Eine etwa 30-köpfige Gruppe folgt Josephine Apraku durch das Afrikanische Viertel im nördlichen Wedding. Mehrmals im Monat führt die Afrikanistin durch die Straßen rund um den U-Bahnhof Afrikanische Straße, erzählt von der kolonialen Vergangenheit des Viertels und den Namensgebern seiner Straßen. Wie der Berliner Verein Berlin Postkolonial fordert Apraku eine Umbenennung der drei Straßen, die nach den deutschen Kolonialbegründern Lüderitz, Nachtigal und Peters benannt sind.
„Das Festhalten an diesen Namen bedeutet nicht nur ein Festhalten an kolonialrassistischen Vorstellungen, sondern auch an nationalsozialistischen“, sagt Apraku und verweist auf den imperialistischen Charakter der nationalsozialistischen Außenpolitik. Eines der zentralen außenpolitischen Ziele der NS-Zeit war es, die Dekolonialisierung rückgängig zu machen. Aprakus Argument ist ein handfestes: Einige Straßenbenennungen im Afrikanischen Viertel fanden während des Nationalsozialismus statt.

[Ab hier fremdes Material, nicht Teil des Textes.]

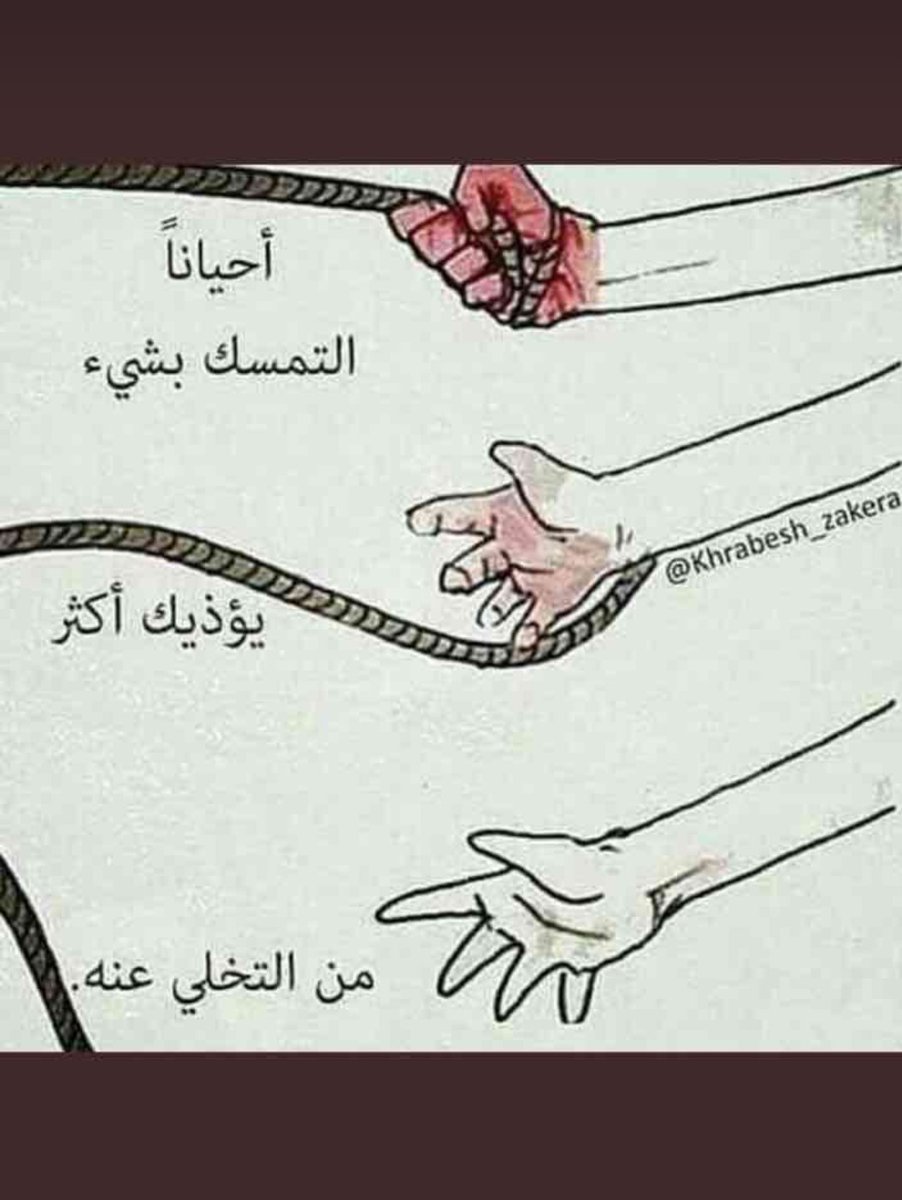kwiti_'s tweet photo. راح تحتاج تطبقها أكيد ، ف خلك متذكرها https://t.co/BHrDkUXISB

Idealisierung als "Afrikaforscher"
Apraku kritisiert, dass die drei deutschen Kolonialbegründer in der Populärliteratur häufig als „Afrikaforscher“ idealisiert würden. Am ehesten trifft diese Verharmlosung noch auf Gustav Nachtigal zu, dessen Schriften von seiner kritischen Haltung gegenüber dem europäischen Imperialismus zeugen. Dennoch: 1884 ernannte Bismarck den expeditionserfahrenen Forscher zum Reichskommissar für Deutsch-Westafrika. In dieser Funktion beglaubigte Nachtigal die zum Teil betrügerisch erworbenen Rechte der Firma Lüderitz im heutigen Namibia.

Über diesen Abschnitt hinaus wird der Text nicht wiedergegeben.